Resolution (Member Only): Accepted, right add it
This issue relates to XP122 in the Issues List.
Issue (xp123-e-dyck):
From Michael Dyck on the section 5.3.2 :
replace the whole para with this: The string-value of a range consists of the characters that are in text nodes and that are between the start and end points of the range.
Resolution (Member Only): Accepted, the fact that the whole section needed some cleanup. All the axis for a a range are empty excepted *self which are the range itself. Add a note about start-point() or end-point() should be used as intermediary step for doing axis computation from a range .

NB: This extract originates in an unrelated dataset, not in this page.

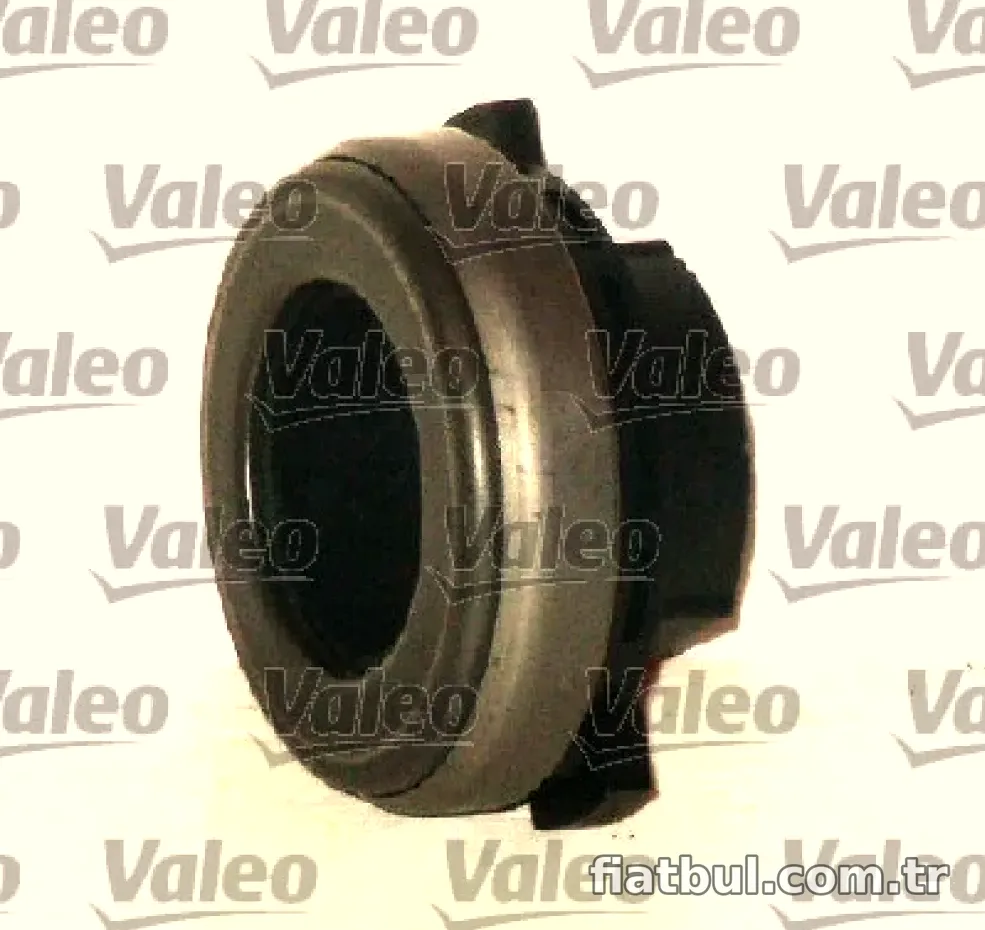 DEBRIYAJ SETI (RULMANLI) W114 68>76 W123 76>85 S123 77>85 C123 77>85 W463 93>00 – Valeo – VALEO 801546″ loading=”lazy” /></figure>
<figure class=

This issue relates to XP123 in the Issues List.
Issue (xp125-i-dyck):
From Michael Dyck on the section 5.3.5 :
"If the immediately preceding nodes of the two points are the same, then either the points are the same or they are both character-points with the same container node" This is not true. For instance, in "<e>foo<e>", consider: (1) the node-point whose container node is the <e> element node, and whose index is 1 (the point after the text node); and (2) any character-point whose container node is the text node. For both points, the immediately preceding node is the text node, but they are not the same point, nor are they character-points with the same container node.
Resolution (Member Only): Accepted, node point and character points are relatively differents. We want to explain the document order to points. It won't fit into a single sentence, though. This part will be reworded and a graphic will be added.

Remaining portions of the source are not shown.